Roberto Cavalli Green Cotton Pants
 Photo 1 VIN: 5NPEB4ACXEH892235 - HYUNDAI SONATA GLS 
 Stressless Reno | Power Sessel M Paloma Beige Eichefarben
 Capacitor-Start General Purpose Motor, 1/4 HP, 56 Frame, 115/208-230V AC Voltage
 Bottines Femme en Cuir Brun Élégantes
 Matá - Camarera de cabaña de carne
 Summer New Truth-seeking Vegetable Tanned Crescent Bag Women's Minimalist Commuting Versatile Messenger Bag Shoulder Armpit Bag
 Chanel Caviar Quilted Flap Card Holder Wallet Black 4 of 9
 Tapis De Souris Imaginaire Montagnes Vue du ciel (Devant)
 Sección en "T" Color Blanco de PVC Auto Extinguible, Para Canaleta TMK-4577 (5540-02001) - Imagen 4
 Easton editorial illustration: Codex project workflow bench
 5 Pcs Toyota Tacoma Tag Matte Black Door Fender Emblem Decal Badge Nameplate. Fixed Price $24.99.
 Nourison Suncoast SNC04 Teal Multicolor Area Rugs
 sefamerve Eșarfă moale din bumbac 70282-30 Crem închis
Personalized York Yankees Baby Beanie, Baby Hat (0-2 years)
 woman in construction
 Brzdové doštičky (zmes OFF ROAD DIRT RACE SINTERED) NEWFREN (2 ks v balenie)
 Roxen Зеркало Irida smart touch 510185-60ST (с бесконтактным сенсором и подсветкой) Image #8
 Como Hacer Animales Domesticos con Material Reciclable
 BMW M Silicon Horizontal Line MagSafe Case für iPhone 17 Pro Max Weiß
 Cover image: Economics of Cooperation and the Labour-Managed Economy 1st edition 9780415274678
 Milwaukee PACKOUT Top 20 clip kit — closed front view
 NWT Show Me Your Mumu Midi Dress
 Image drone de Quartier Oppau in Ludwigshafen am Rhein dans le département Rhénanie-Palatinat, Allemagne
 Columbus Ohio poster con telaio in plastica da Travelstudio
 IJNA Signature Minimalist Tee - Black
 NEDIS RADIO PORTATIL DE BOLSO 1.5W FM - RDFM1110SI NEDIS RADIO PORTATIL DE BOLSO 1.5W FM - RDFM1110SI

* **Brief**:
A word-for-word copy of the lines from the one with "BMW M Silicon" through the end of the listing is what should be returned.

* **Answer section**:
 BMW M Silicon Horizontal Line MagSafe Case für iPhone 17 Pro Max Weiß
 Cover image: Economics of Cooperation and the Labour-Managed Economy 1st edition 9780415274678
 Milwaukee PACKOUT Top 20 clip kit — closed front view
 NWT Show Me Your Mumu Midi Dress
 Image drone de Quartier Oppau in Ludwigshafen am Rhein dans le département Rhénanie-Palatinat, Allemagne
 Columbus Ohio poster con telaio in plastica da Travelstudio
 IJNA Signature Minimalist Tee - Black
 NEDIS RADIO PORTATIL DE BOLSO 1.5W FM - RDFM1110SI NEDIS RADIO PORTATIL DE BOLSO 1.5W FM - RDFM1110SI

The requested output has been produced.